Umgefähr die erste Stunde lang spielte Sufjan nur Songs von Carrie & Lowell. Am Anfang unterschieden sich diese meist noch so sehr von der Albumfassung, aber am Ende explodierten sie dann geradezu in gigantische Soundgebilde, in denen verschiedene Instrumente wie Klavier, Keyboards, Gitarre, Schlagzeug, Percussions oder Ukulele sowie diverse elektronische Effekte kulminerten. "Fourth of July" etwa begann als ruhiges Klavierstück, bevor am Ende ein dicker Klangteppich entstand, bei dem die Worte "We're all gonna die" immer und immer wieder wie bei einem Mantra wiederholt wurden, während die Scheinwerfer durch den Saal schwenkten, und jede einzelne Person anleuchteten, als wollten sie sagen: Dich trifft es auch. Überhaupt zeigte sich hier, dass auch diese Tour - wenngleich sie nicht so verrückt ist wie die letzte - ein Gesamtkunstwerk ist, bei dem die Lichter und die Videos, seien es Familien- oder Landschaftsaufnahmen - ebenso gezielt eingesetzt werden wie jedes einzelne Instrument.

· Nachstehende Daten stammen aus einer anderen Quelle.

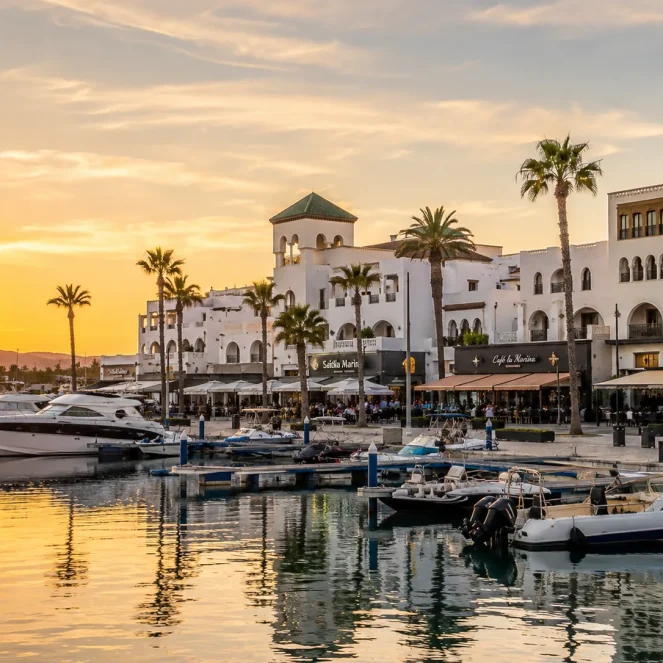 saidia-marina-sunset-morocco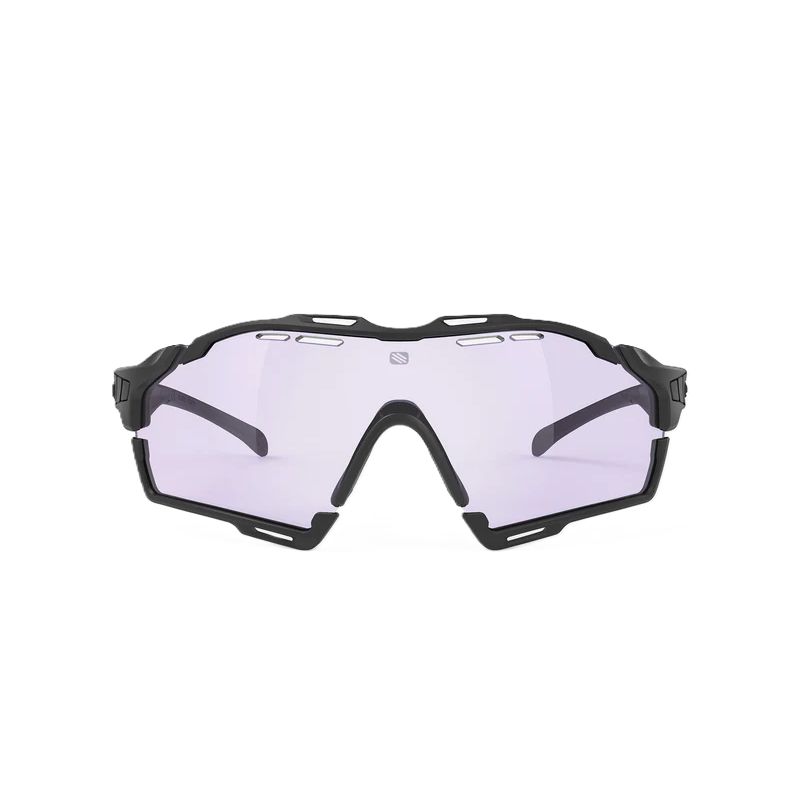 Sluneční brýle RUDY PROJECT CUTLINE Black Matt IMPACTX™ Lenses Photochromic Laser Purple
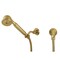 Kingston Brass Hand Shower Kit, Brushed Brass KX1037BE - alternate 1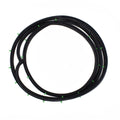 Door Rubber Seal Weatherstrip LH+RH Fits Toyota Corolla KE20 KE26 2D SED 70-74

Die einzelnen Songs unterschieden sich live mal mehr und mal weniger von den Albumversionen. "Eugene" etwa spielte Sufjan allein auf der Akutiskgitarre, wodurch sein wunderbar intimer Charakter erhalten blieb. "All of Me Wants All of You" hingegen erhielt eine Adz-mäßigen Elektrobeat, sodass ich es erst erkannte, als der Gesang einsetzte. Im Verlauf spielte er auch einige ältere Songs wie "The Owl and the Tanager", sein vielleicht düsterstes Lied überhaupt, sowie "Vesuvius" und "I Want to Be Well", die den Gigantismus von The Age of Adz aufleben ließen. A propos Gigantismus: Zum Ende spielte die Band "Blue Bucket of Gold", das mit einem etwa 15-minütigen, instrumentalen Outro endete - erschöpfend aber erhebend zugleich.

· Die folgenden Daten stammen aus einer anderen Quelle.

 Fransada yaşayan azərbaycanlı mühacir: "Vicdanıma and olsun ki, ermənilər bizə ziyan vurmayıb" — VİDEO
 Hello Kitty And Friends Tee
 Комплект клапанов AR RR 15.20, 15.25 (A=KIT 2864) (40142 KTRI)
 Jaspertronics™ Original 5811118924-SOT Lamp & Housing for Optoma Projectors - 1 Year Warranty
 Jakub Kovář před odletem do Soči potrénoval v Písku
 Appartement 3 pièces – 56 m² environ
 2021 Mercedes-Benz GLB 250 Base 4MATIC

Nachdem sich das Publikum minutenlang die Hände wund geklatscht hatte, kam die Band schließlich für eine Zugabe zurück. Na gut, zuerst war es nur Sufjan, der wie schon beim letzten Mal "Concerning the UFO Sighting near Highland, Illinois" spielte. Mit der Band gab es "The Dress Looks Nice On You" und "To Be Alone With You" von Seven Swans sowie "John Wayne Gacy Jr." von Illinois, wobei Stevens - der während des eigentlichen Sets kein Wort gesagt hatte - bemerkte, dass es schon komisch sei, nach den ganzen anderen Lieder jetzt ausgerechnet seine "Mörderballade" zu spielen: "It's messed up, but such is life." Den Abschluss bildete, fast schon obligatorisch, "Chicago", diesmal allerdings in der langsamen, sanften Akustikversion. Ich hatte ja ein bisschen auf "I Walked" oder "Casimir Pulaski Day" gehofft, weil sie auch thematisch gut gepasst hätten, aber man kann nicht alles haben.

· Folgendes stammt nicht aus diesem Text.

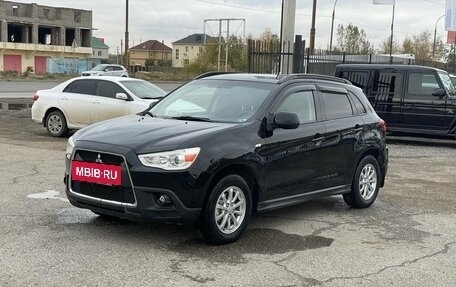 Mitsubishi ASX I рестайлинг, 2011 год, 1 150 000 рублей, 18 фотография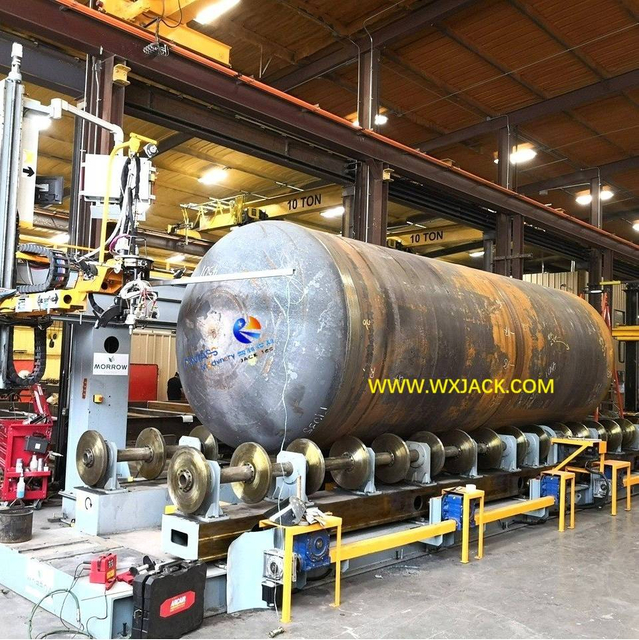 2 7-осевой большой труборезной станок с ЧПУ 2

Machen wir uns nichts vor: Konzerte von Sufjan Stevens sind keine leichte Kost. Aber auch, wenn man sich von den Arrangements oft überwältigt fühlt, zeigt das doch, was für eine Ausnahmekünstler Stevens ist. Die fein ausgearbeiteten Soundcollagen (er bezeichnete die Musiker deswegen auch als "the hardest working band in showbusiness") in Verbindung mit der Licht- und Videoshow sind ein in jeder Hinsicht stimulierendes Erlebnis. Ein Konzert, das den Tod als zentrales Thema hat, und doch voller Leben ist. Ein Triumph.